Pour les retours de congés post-nataux prévus entre le 1er juin 2026 et le 30 juin 2026, les salarié(s) pourront bénéficier du dispositif de congé naissance supplémentaire avec une prise en charge à hauteur de ce qui est convenu dans le présent accord, sans condition d’adossement du fait de la prise d’effet du dispositif légal au 1er juillet 2026.
Du fait de la décision des parties de favoriser le renforcement du dispositif législatif en remplacement des baby days et leur augmentation évoquée lors de la NAO 2025, les parties signataires conviennent qu’une attention particulière sera portée aux salarié(s) qui reviendraient de congé postnatal sur les mois d’avril 2026 et mai 2026 et qui ne seraient donc pas éligibles au dispositif de congé supplémentaire de naissance complété par Financière des Paiements Électroniques.

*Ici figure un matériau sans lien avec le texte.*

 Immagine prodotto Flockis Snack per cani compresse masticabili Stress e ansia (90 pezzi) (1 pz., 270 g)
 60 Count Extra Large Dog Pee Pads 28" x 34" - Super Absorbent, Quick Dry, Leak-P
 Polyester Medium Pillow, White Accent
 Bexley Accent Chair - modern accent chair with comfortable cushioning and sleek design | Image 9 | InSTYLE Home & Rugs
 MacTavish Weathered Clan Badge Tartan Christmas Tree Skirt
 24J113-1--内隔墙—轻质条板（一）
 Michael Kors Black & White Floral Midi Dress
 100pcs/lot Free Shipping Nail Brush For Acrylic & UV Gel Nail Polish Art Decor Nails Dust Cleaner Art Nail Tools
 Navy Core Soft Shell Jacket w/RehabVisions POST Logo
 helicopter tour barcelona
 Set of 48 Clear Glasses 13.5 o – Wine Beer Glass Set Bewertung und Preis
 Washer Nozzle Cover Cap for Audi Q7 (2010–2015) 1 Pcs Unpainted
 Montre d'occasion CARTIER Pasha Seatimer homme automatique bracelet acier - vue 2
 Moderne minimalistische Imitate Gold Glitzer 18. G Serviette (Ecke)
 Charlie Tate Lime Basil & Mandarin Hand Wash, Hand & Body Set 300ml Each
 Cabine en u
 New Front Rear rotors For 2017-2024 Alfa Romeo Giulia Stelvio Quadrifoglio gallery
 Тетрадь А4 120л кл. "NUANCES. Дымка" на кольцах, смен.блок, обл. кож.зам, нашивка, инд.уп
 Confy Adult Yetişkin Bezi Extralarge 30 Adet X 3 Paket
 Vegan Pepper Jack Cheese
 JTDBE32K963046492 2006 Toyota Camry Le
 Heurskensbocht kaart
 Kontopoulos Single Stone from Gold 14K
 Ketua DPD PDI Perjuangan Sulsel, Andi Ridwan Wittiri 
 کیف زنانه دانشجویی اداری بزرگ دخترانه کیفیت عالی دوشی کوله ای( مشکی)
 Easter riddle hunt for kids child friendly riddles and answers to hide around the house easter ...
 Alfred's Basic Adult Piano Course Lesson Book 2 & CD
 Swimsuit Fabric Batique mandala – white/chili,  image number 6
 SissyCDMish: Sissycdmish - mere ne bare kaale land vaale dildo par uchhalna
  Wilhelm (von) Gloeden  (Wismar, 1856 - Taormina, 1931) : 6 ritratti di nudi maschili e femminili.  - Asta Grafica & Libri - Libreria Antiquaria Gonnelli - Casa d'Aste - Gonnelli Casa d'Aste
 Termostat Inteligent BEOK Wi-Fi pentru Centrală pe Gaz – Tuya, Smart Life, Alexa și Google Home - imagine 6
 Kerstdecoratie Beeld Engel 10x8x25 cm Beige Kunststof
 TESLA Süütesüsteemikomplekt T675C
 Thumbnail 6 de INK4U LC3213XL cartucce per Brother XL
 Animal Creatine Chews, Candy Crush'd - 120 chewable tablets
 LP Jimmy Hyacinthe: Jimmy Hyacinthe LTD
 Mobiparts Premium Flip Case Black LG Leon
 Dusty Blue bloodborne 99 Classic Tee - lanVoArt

D / La parentalité Conformément à l'article 30 bis de la Convention Collective, le congé annuel pour enfant malade est rémunéré à partir d’un an d’ancienneté dans l’entreprise. La durée du congé est de deux jours par année civile par enfant, dans la limite de cinq jours par an, en cas de maladie ou d’accident d’un enfant de moins de quatorze ans. Cette durée est portée à trois jours par année civile, quel que soit le nombre d’enfants, en présence d’un enfant en situation de handicap sans limite d’âge. Ce congé peut être fractionné en demi-journées. La durée du congé est de deux jours par année civile, quel que soit le nombre d’enfants, en cas d’hospitalisation, y compris d’hospitalisation de jour, d’un enfant de moins de dix-huit ans. Aucune limite d’âge n’est appliquée pour un enfant en situation de handicap. Le salarié doit fournir une attestation médicale précisant que sa présence est nécessaire auprès du malade ou un bulletin d’hospitalisation. En cas de présence dans la même entreprise de deux salariés en charge effective et permanente de l’enfant, le congé annuel pour enfant malade ne pourra pas être exercé par les deux salariés simultanément mais pourra l’être successivement si nécessaire. Sous réserve des dispositions de l'article L3141-8 du code du travail, les salariés âgés de moins de 21 ans au 30 avril de l'année précédente bénéficient de deux jours ouvrés de congés supplémentaires par enfant à charge. Ce congé est réduit à un jour si le congé légal n'excède pas 5 jours ouvrés. Les salariés âgés de vingt et un ans au moins à la date précitée bénéficient également de deux jours de congé supplémentaires par enfant à charge, sans que le cumul du nombre des jours de congé supplémentaires et des jours de congé annuel puisse excéder la durée maximale du congé annuel prévu à l'article L. 3141-3. Depuis le 1er janvier 2026, le salarié bénéficie de 7 jours ouvrables pour l’annonce/la survenue d’un handicap ou d’une pathologie spécifique chez son enfant.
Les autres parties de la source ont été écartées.